Jika kabupaten Garut memiliki pak Ahmad Yanuana Samantho (penulis buku Garut Kota Illuminati), tentunya Indramayu juga memiliki pak Supali Kasim (penulis buku Budaya Dermayu:nilai-nilai historis, estetis dan transendental) dan tentunya masih banyak juga orang yg belum mengetahui siapa beliau. Kita patut beri apresiasi kepada mereka yg mau menggali nilai2 daerahnya agar dapat di pelajari oleh masyarakat luas. Karena sejatinya adanya negara pastinya ada sesudah berdirinya daerah2 kecil yg menopangnya. Karena daerah tempat kita tinggal dapat di pastikan usianya lebih tua di banding dengan sebuah negara.
..
Jika boleh beropini tentunya saya menyarankan kepada masyarakat utamanya elemen akademisi dan pemerintahan agar terus mengupayakan untuk menggali nilai2 sejarah Indramayu yg masih tersembunyi ini. Kita tahu Mesir lahir dari peradaban sungai Nil, India (daratan Hindukhus) besar karena peradaban Sungai Gangga (bahkan di ilustrasikan dlm kartun Little Khrishna di Prindavan), Cina juga terlahir dari peradaban sungai Yangtze, di Indonesia pun ada yaitu peradaban sungai Musi, dan Bengawan solo. Di Indramayu pun berasal dari peradaban sungai, yaitu sungai Cimanuk. Lalu mengapa perbedaanya begitu mencolok. Disinilah yg saya maksud agar terus di upayakan penggalian nilai2 historis agar generasi penerus mengetahui sejarah yg sesungguhnya. Karena sejarah adalah salah satu jenis harga diri yg harus di pertahankan dan tak boleh ternodai.
..
Perlu di ketahui juga bahwa di usia yg ke 490 tahun ini seharusnya pemerintah kabupaten Indramayu harus lebih berperan aktif lagi dalam mensosialisasikan, melestarikan dan mengembangkan budayanya, salah satunya adalah bahasa ngapak yg khas ini.

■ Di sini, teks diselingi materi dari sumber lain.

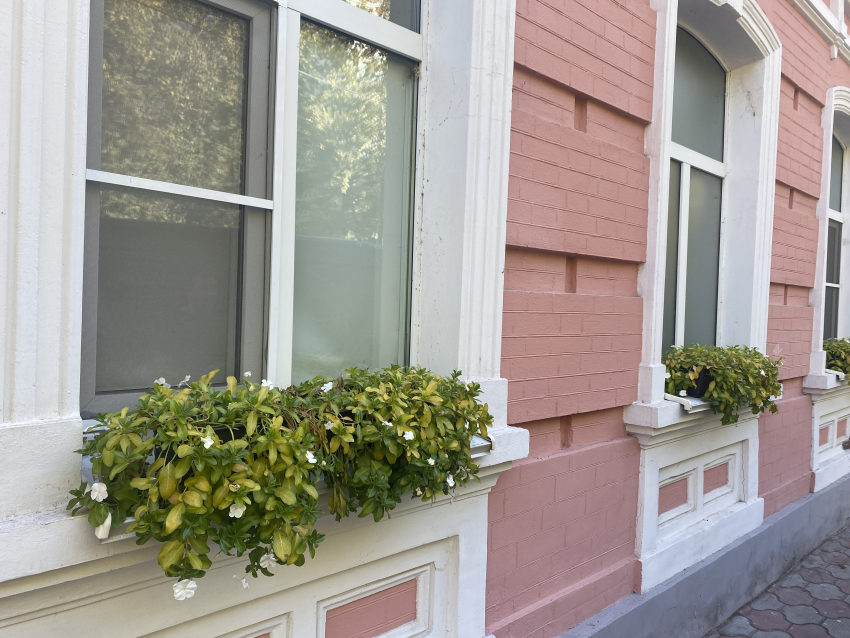 Погода, праздники, именины в четверг 19 октября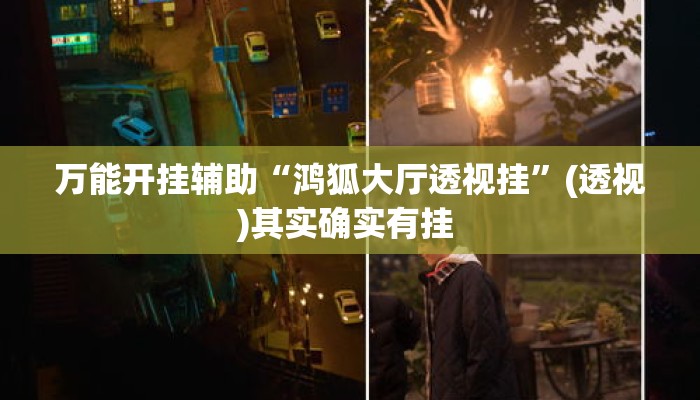 万能开挂辅助“鸿狐大厅透视挂”(透视)其实确实有挂 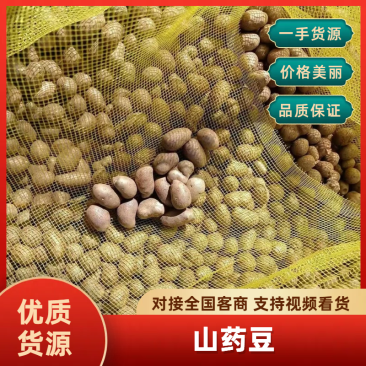 【实力推荐】山东山药/山药豆/对接电商批发市场加工厂
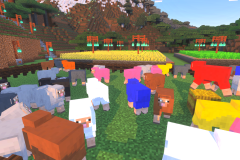 Starter-Village-Common-Area-Pic-19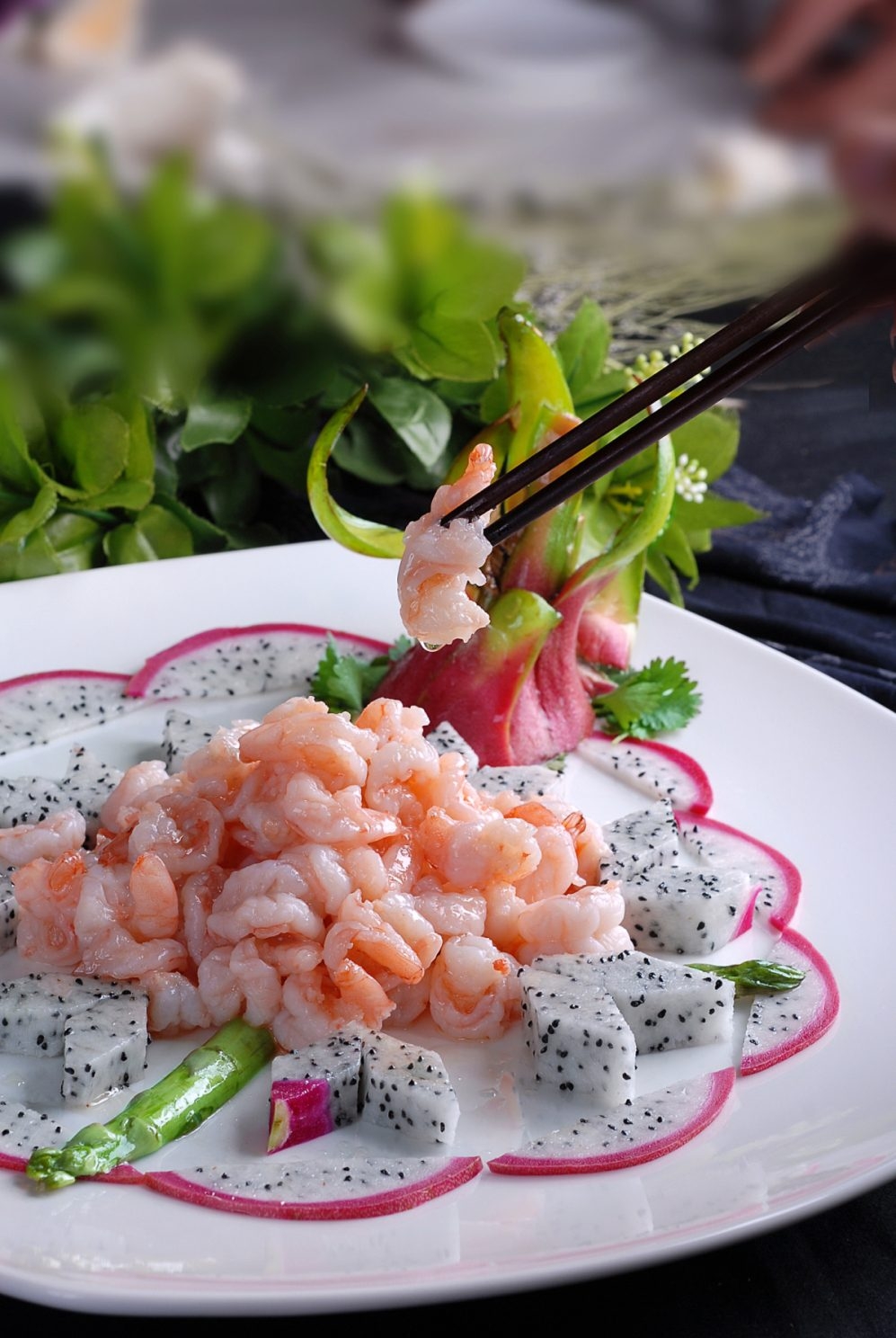 餐饮美食火龙养颜虾宣传图片灯箱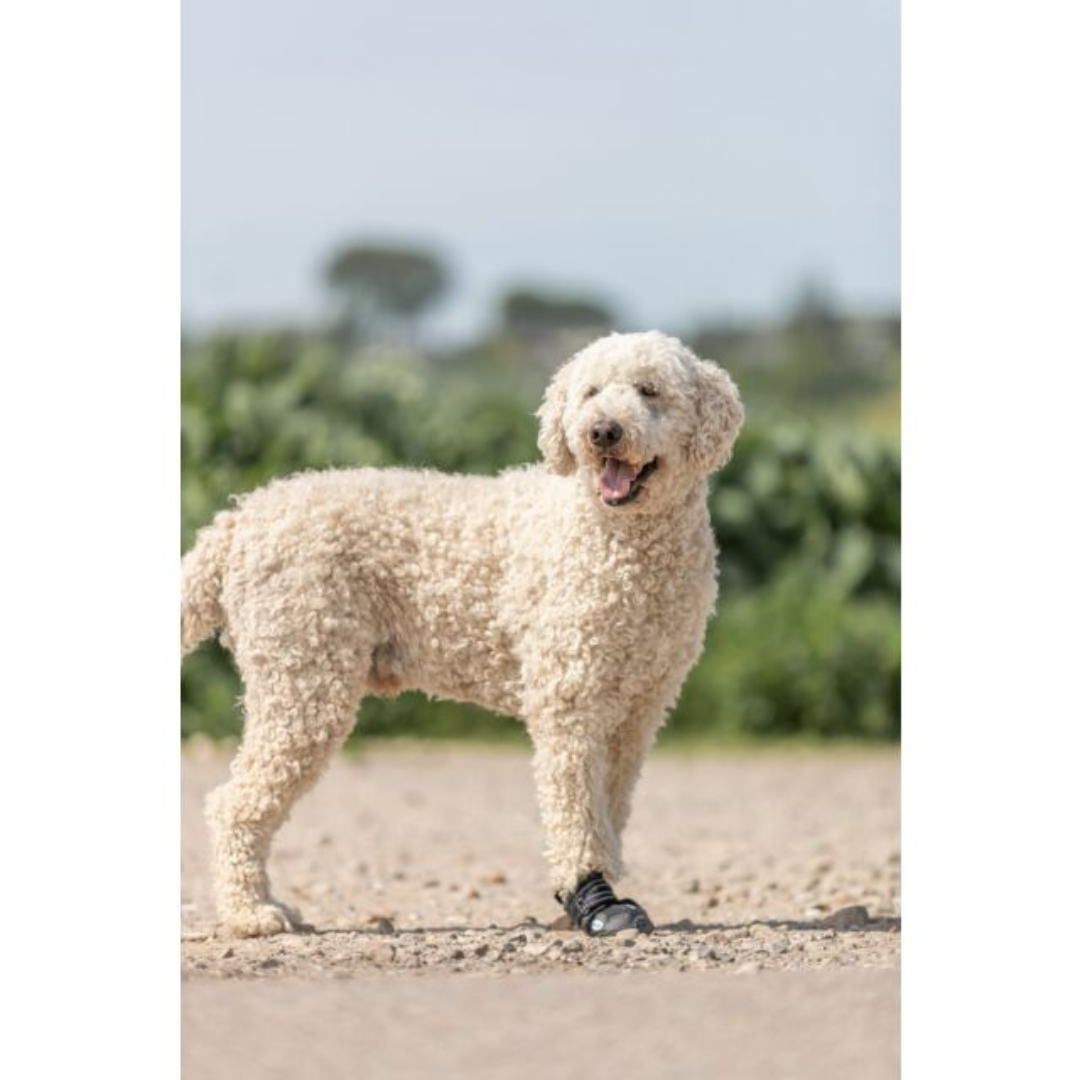 Dog Boots (5)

Apalagi di sekolah2 sekarang sudah tidak di berlakukan kembali mempelajari bahasa jawa. Tidak hanya jawa krama, lebih lagi jawa ngapak semua sudah tak masuk kurikulum. Disisi lain di wilayah Indramayu sendiri masuk kedalam rumpun daerah yg terhimpun dalam CIAYUMAJAKUNING (Cirebon, Indramayu, Majalengka, dan Kuningan) yg juga berdekatan dengan kabupaten Sumedang yg dalam keseharianya menggunakan bahasa Sunda.
..
Sebenarnya dalam penggunaan bahasa ngapak itu sendiri bukan bermaksud untuk membanggakan diri, melainkan berupaya untuk merawat warisan tradisi leluhur agar tak hilang tergerus zaman.
#Salam Budaya

Komentar

Postingan populer dari blog ini

Bocil FF Belajar Ziarah

Woko Utoro Beberapa hari lalu saya berkesempatan kembali untuk mengunjungi Maqbarah Tebuireng. Dari banyak pertemuan saya ziarah ke sana ada pemandangan berbeda kali ini. Saya melihat rombongan peziarah yang tak biasa yaitu anak-anak TK atau RA. Pemandangan indah itu membuat saya bergumam dalam hati, "Kalau ini mah bukan bocil kematian tapi bocil luar biasa, sholeh sholehah". Sebagai seorang sarjana kuburan (sarkub) dan pengamat ziarah tentu saya merasa senang dengan pemandangan tersebut. Entah bagaimana yang jelas para bocil berziarah adalah sesuatu yang unik. Jika selama ini dominasi peziarah adalah orang dewasa maka zairin bocil FF adalah angin segar khususnya bagi keberagamaan. Lebih lagi bagi jamiyyah NU yang selama ini setia dengan tradisi ziarah kubur. Saya melihat seperti ada trend baru terkhusus bagi peziarah di kalangan siswa sekolah. Jika santri di pesantren ziarah itu hal biasa. Tapi kini siswa sekolah pun turut andil dalam tradisi kirim doa dan ingat mati itu. Wa...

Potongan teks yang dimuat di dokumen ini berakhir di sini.